→ What is expected
Print exactly the line that contains "Кобурн - фото №1" along with every line beneath it to the end of the records below, and omit pictures.

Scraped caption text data
******************************

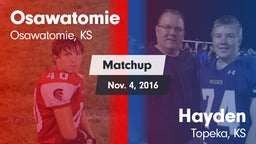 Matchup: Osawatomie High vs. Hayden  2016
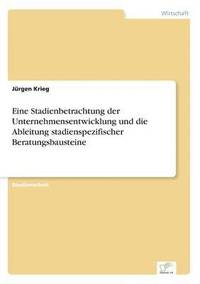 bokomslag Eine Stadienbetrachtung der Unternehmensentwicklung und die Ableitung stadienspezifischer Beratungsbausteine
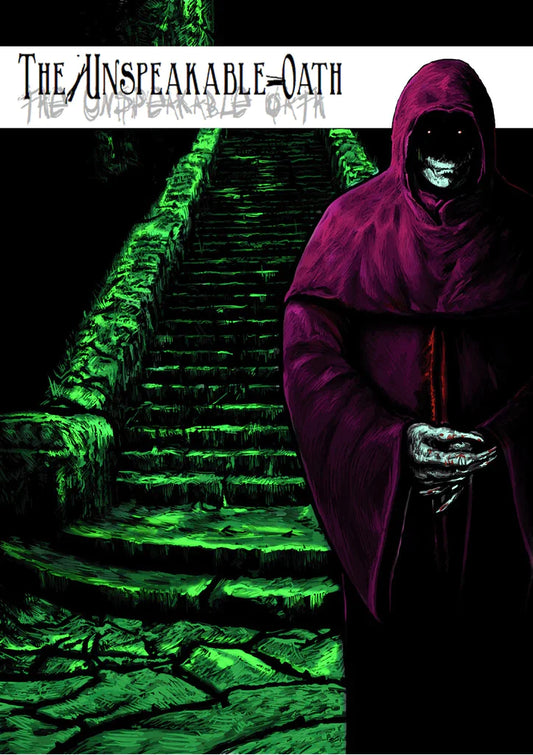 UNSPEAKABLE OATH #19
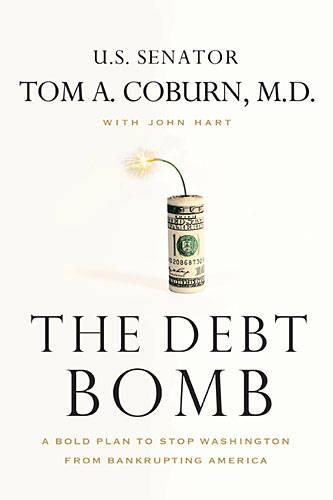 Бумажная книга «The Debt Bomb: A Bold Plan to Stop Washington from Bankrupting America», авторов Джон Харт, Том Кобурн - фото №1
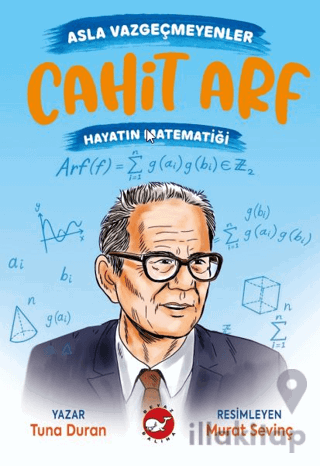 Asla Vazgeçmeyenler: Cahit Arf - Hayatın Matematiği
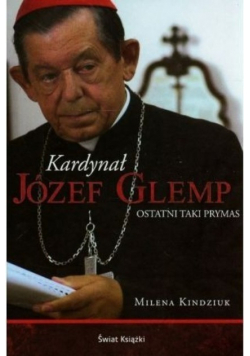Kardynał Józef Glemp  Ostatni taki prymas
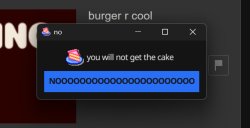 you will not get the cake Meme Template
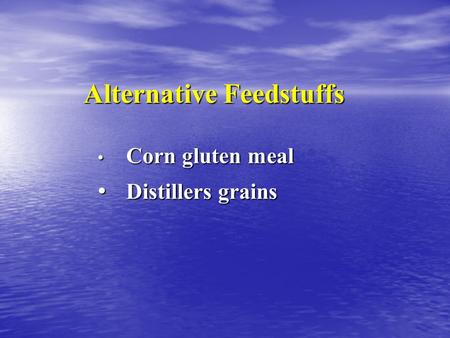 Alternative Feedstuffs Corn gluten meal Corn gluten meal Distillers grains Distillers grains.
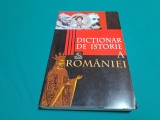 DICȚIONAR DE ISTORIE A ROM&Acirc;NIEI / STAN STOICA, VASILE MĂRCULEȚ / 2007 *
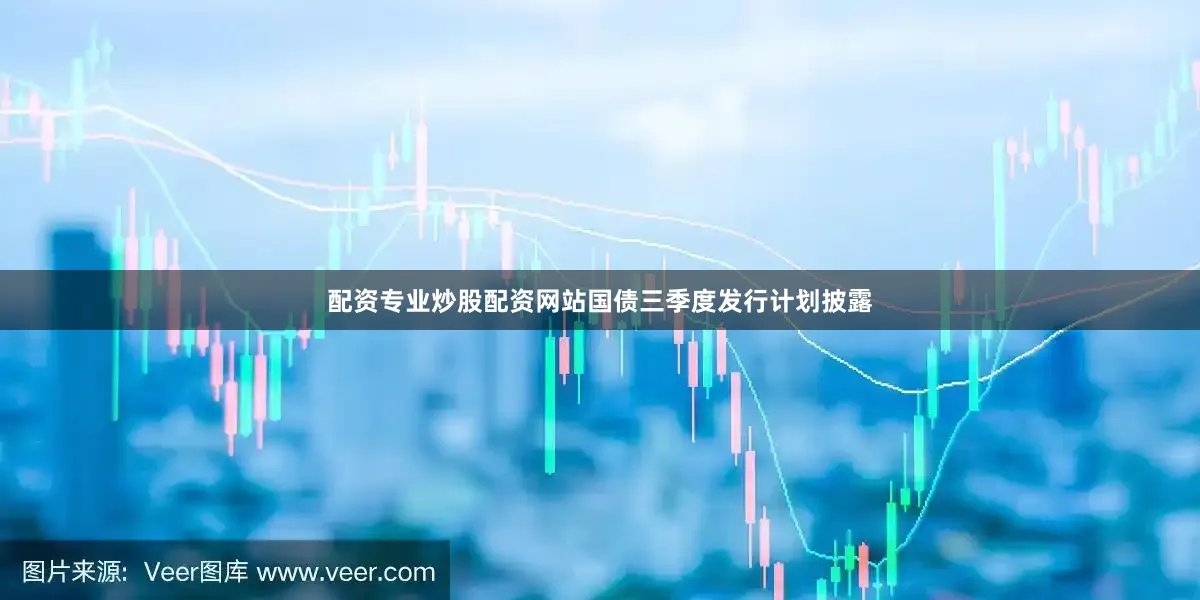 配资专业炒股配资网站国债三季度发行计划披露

******************************

→ Exercise result
 Бумажная книга «The Debt Bomb: A Bold Plan to Stop Washington from Bankrupting America», авторов Джон Харт, Том Кобурн - фото №1
 Asla Vazgeçmeyenler: Cahit Arf - Hayatın Matematiği
Kardynał Józef Glemp  Ostatni taki prymas
 you will not get the cake Meme Template
 Alternative Feedstuffs Corn gluten meal Corn gluten meal Distillers grains Distillers grains.
 DICȚIONAR DE ISTORIE A ROM&Acirc;NIEI / STAN STOICA, VASILE MĂRCULEȚ / 2007 *
 配资专业炒股配资网站国债三季度发行计划披露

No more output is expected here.